Les productions plus sombres d'Architect pourraient être les bienvenues dans cette ambiance trop quelconque. Mais rien à faire : "On Contact", "Identifi", "Taxes" (malgré une introduction méchante de Grand : "Fuck Miss America") et même le final "EXL", en dépit de ses six rappeurs et de son instru "fantôme", sont plats. Le producteur s'essaie aussi à un exercice de style avec "Past Life". Deux rappeurs y racontent sur trois mouvements leur vision du passé : Persevere d'abord sur une sorte de petit crissement funky, puis Halekost sur une instru plus ample à base de cordes synthétiques, et Persevere à nouveau sur le même fond qu'au début. Mais rien de cela ne dépasse le "pas mal". Même chose pour les deux instrumentaux qui viennent faire un petit tour ici pour du beurre.

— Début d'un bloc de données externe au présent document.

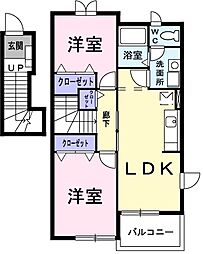 ルレーヴB 2LDKの間取図画像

De fait, seuls surnagent le petit hit "Unorthodox" et son beat rigolo. C'est maigre. Toutes les autres plages sont quelconques, s'y manifeste une sorte de hip hop d'ascenseur ou d'auto-radio, un rap à entendre dans les grands espaces sans vraiment l'écouter. Bref, rien de bien méchant ni de bien excitant, rien qui ne méritait d'attirer outre-mesure l'attention, si ce n'était sorti sur un label qui nous avait habitué à franchement mieux.